__Assigned task__
Would you repeat word for word the lines of the listing that follows, from the one with "Morpheus version 5.5.2" up to and including the one with "The question is", and leave out the images?

━━━━━━━━━━━━━━━━━━━━

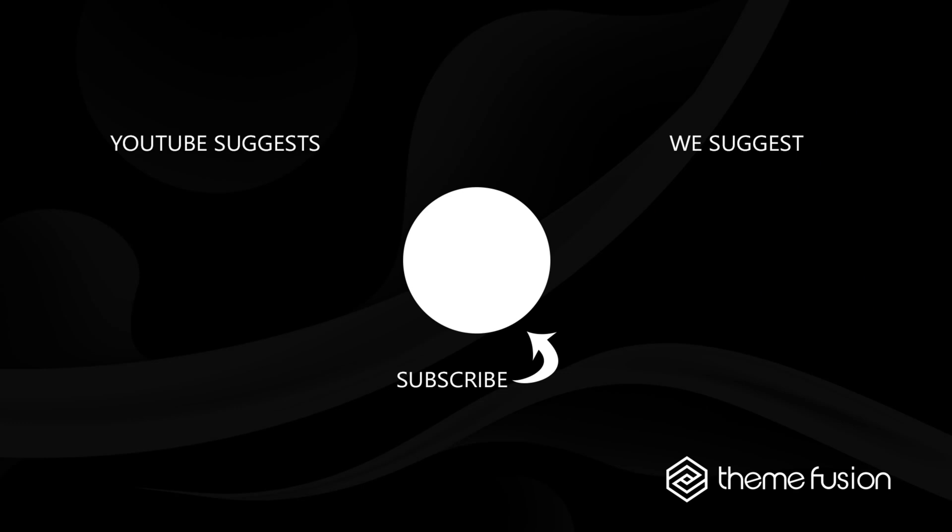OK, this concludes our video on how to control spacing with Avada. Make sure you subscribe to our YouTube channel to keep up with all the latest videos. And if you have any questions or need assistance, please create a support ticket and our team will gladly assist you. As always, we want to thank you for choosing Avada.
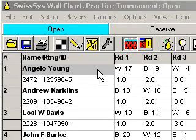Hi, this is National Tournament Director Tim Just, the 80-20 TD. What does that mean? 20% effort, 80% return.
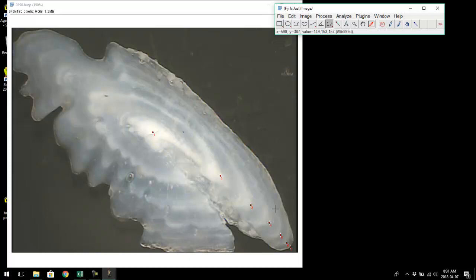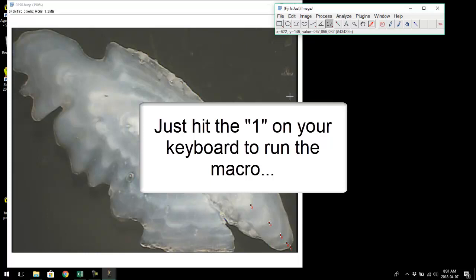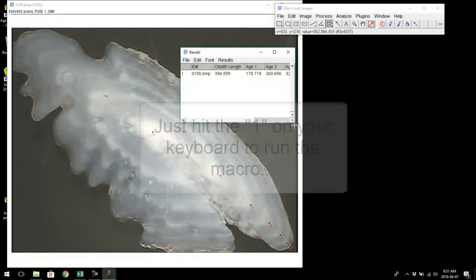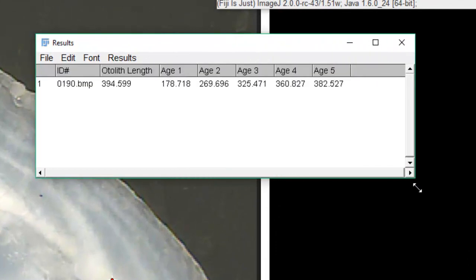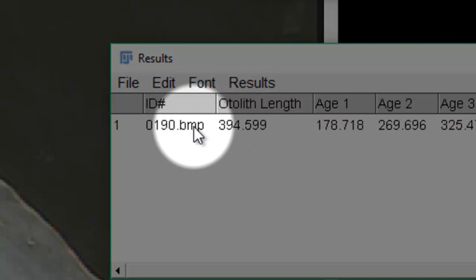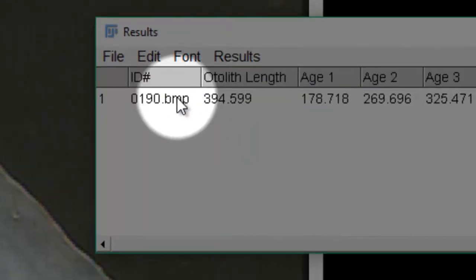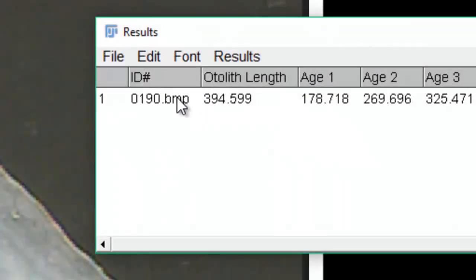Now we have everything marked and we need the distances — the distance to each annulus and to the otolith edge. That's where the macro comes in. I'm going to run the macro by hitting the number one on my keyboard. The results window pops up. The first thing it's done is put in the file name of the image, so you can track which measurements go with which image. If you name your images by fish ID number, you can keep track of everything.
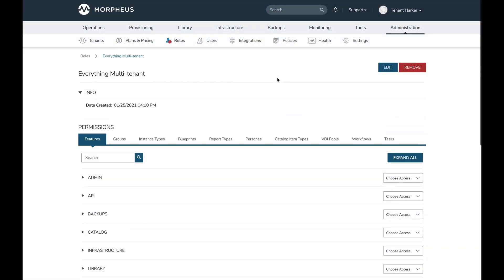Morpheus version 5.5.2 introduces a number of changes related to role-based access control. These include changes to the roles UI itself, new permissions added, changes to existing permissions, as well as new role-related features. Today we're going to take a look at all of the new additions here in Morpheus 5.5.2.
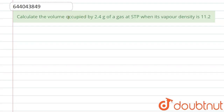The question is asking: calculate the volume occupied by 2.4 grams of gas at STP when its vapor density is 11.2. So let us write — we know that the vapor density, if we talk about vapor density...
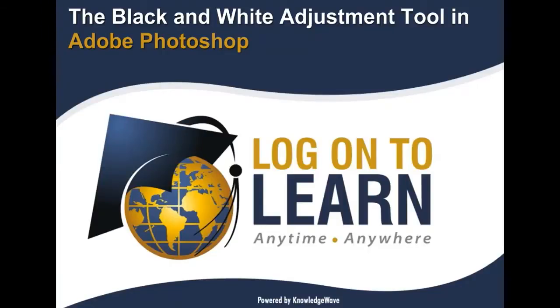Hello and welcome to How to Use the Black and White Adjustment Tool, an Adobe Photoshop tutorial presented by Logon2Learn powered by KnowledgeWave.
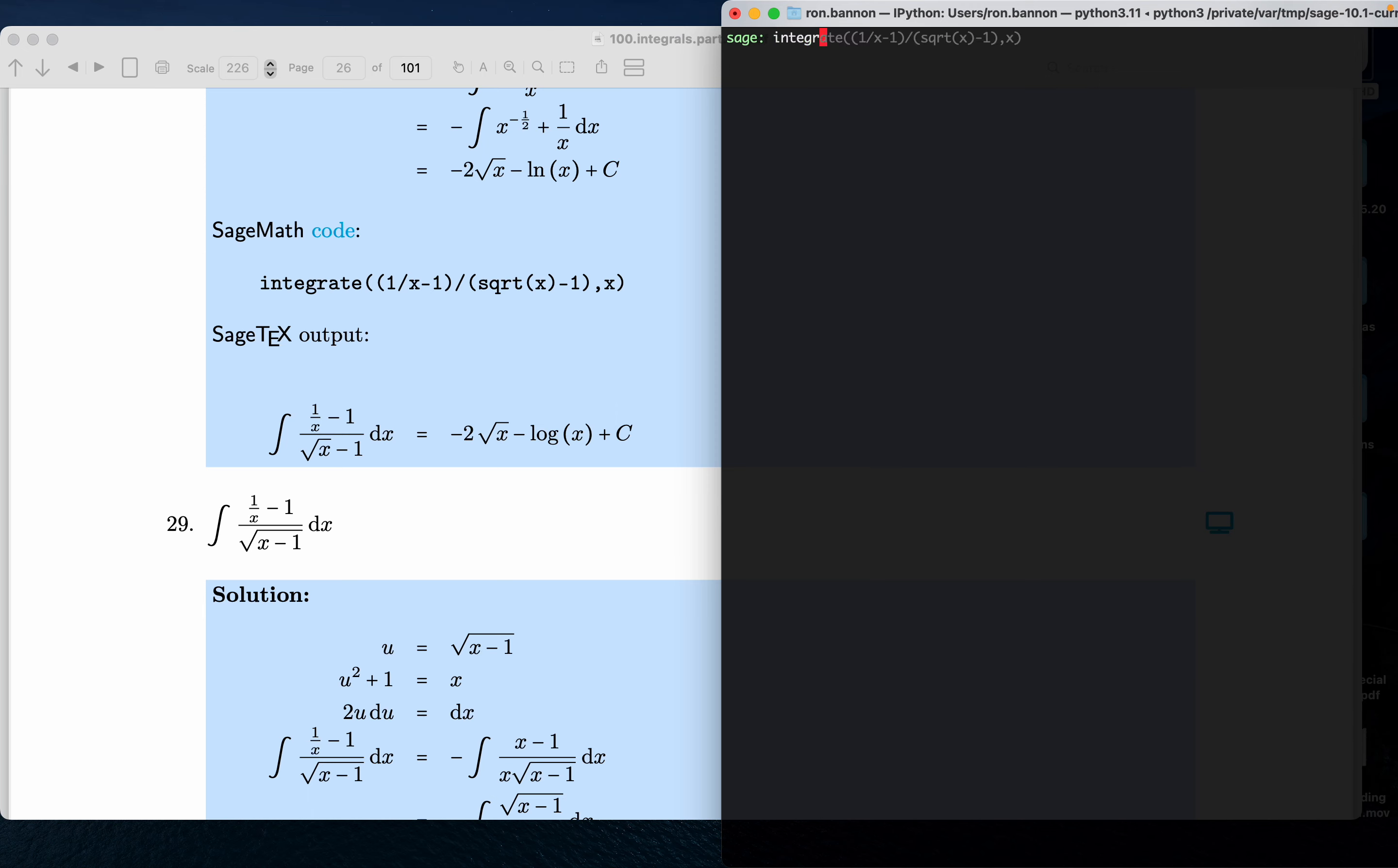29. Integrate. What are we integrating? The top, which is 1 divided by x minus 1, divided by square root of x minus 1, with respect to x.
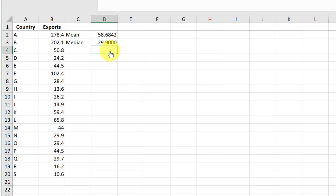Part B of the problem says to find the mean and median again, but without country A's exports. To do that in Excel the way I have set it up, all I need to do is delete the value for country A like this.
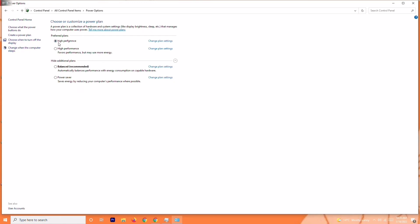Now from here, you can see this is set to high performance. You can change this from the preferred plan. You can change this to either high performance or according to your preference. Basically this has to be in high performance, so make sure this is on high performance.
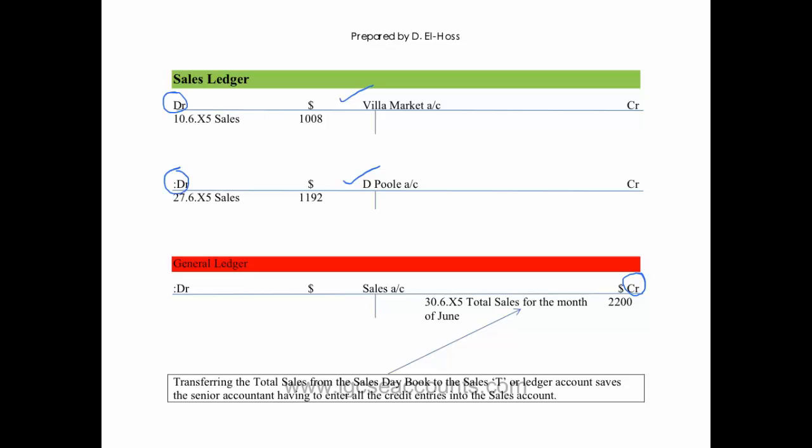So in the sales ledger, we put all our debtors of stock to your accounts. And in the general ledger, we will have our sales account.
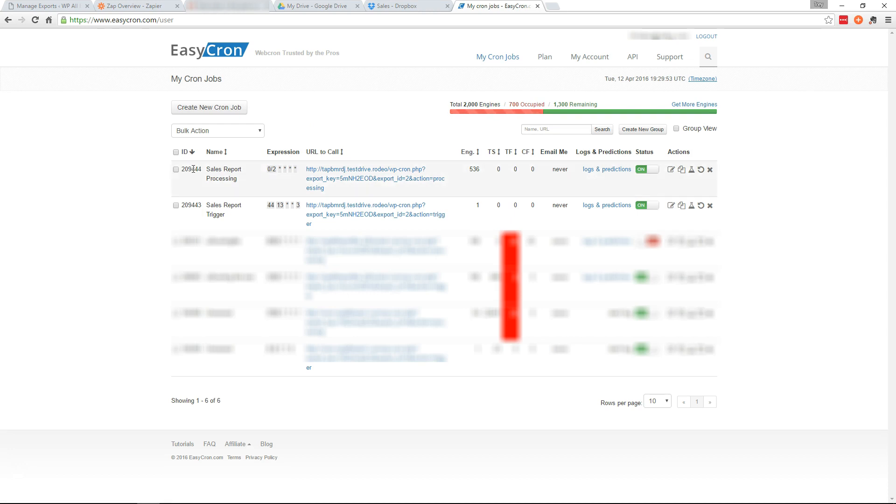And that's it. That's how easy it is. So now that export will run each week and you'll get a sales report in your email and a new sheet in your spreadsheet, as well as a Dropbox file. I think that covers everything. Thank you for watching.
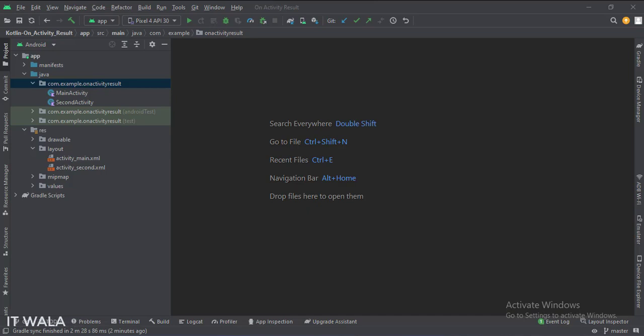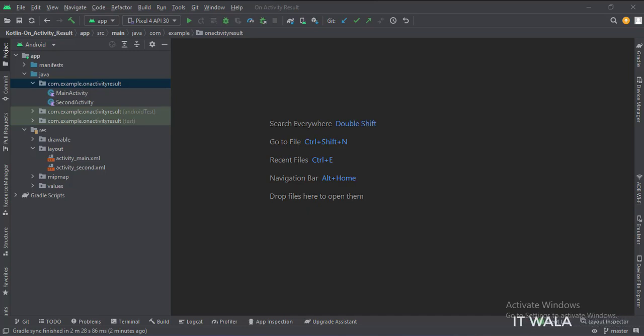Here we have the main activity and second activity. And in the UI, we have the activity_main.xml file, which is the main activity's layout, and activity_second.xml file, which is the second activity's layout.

━━━━━━━━━━━━━━━━━━━━

__Answer to this exercise__
Morpheus version 5.5.2 introduces a number of changes related to role-based access control. These include changes to the roles UI itself, new permissions added, changes to existing permissions, as well as new role-related features. Today we're going to take a look at all of the new additions here in Morpheus 5.5.2.
The question is asking: calculate the volume occupied by 2.4 grams of gas at STP when its vapor density is 11.2. So let us write — we know that the vapor density, if we talk about vapor density...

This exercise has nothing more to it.